A question of value Right now, TrendReporter is a neat tool, but it threatens to smash yet another television myth — the one that says broadcast viewers are more valuable than those of a cable channel. One could argue that a rating is a rating is a rating, and that a 1 rating delivered by The Simpsons would be just as valuable to an advertiser as a demographically similar 1 rating on A&E's Biography. Intuitively, they should be valued the same. But they are not. Advertising on broadcast networks typically costs far more on a cost-per-thousand-viewers basis than does cable advertising.

Then there is the question of the validity of IAG's survey sample.
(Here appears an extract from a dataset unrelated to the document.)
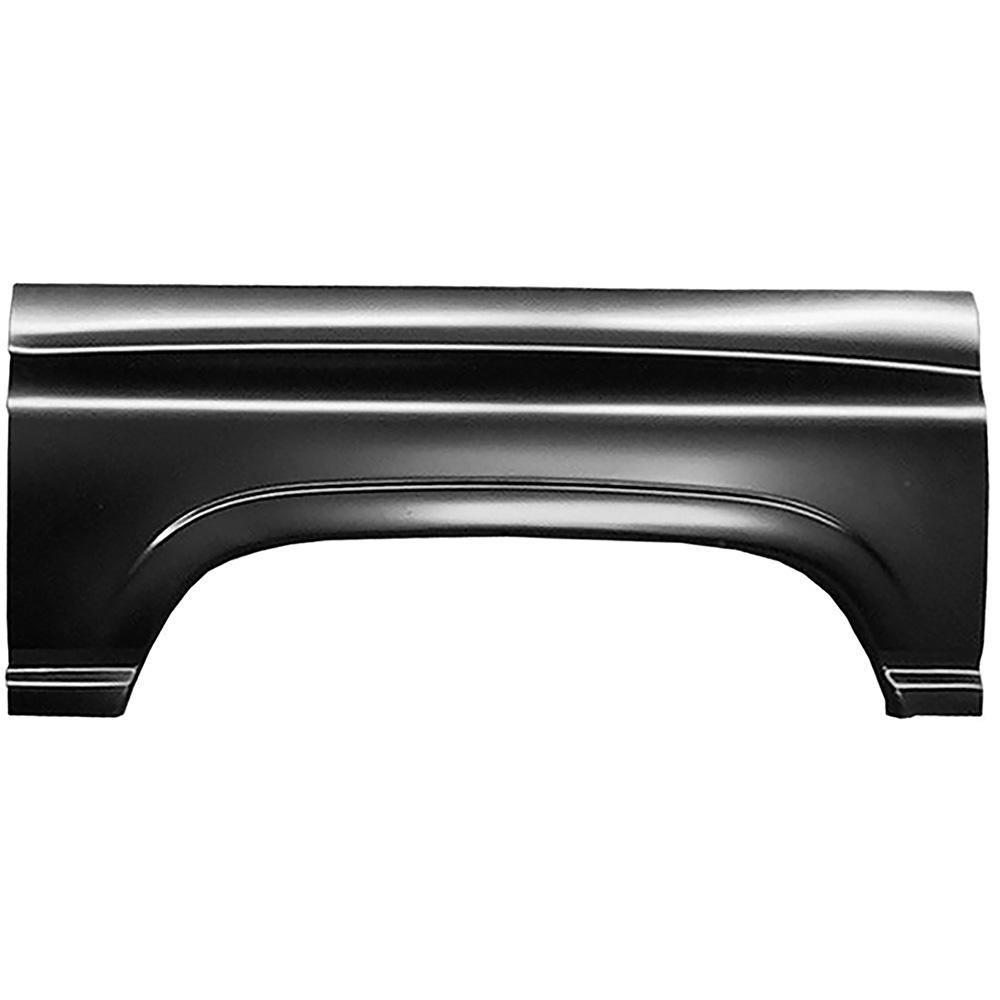 1994-2001 Dodge Pickup Truck Upper Wheel Arch RH Passenger Side Standard Cab Pickup EDP Coated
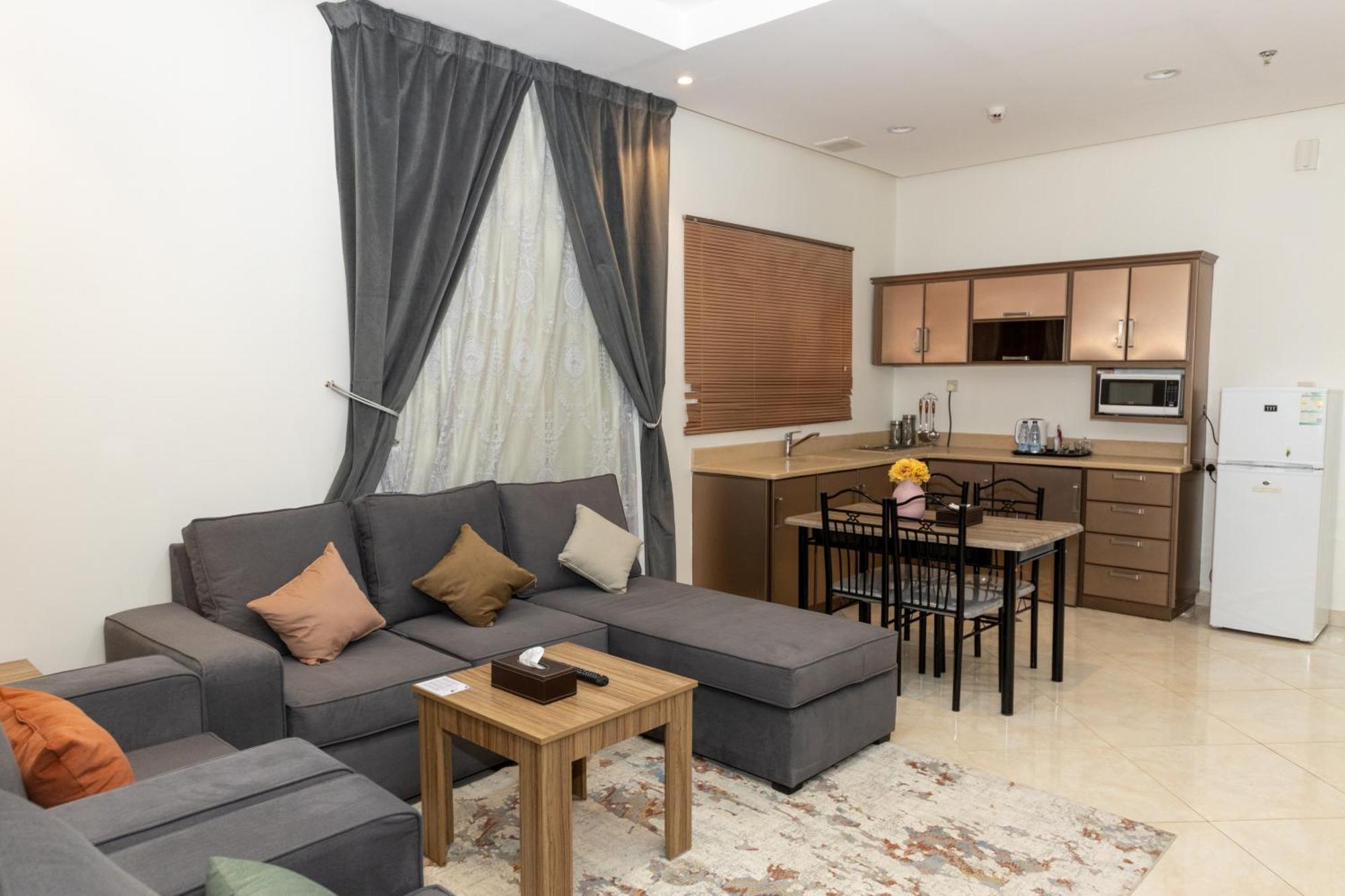 Admire Apart' Hotel ริยาดห์ ภายนอก รูปภาพ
Although large in number, the survey sample currently includes only those viewers with Internet access. "You need a sample that reflects the demographic group you are surveying, not a subset of that demo who like to go on the Internet or who go to certain sites. The data could be very skewed," says Tim Brooks, senior vice president of research at Lifetime TV.

Gould counters that Internet users have become reflective of the population as a whole, and can be considered a valid sample.

Long-term prospects As useful as IAG's service could be, it may have arrived too late in the game to assure its long-term viability. Personal video recorders threaten to completely transform the television landscape. Some seers, including OMD's Green, think that the days when captive viewers could be expected to sit in front of a TV set and watch four minutes of commercials will fade rapidly as PVRs proliferate.

IAG's Gould believes there is always a need for the kind of data his company provides. "Ultimately, we are like Switzerland," he says. "We are a third-party data collector. Our entire goal is to provide clarity."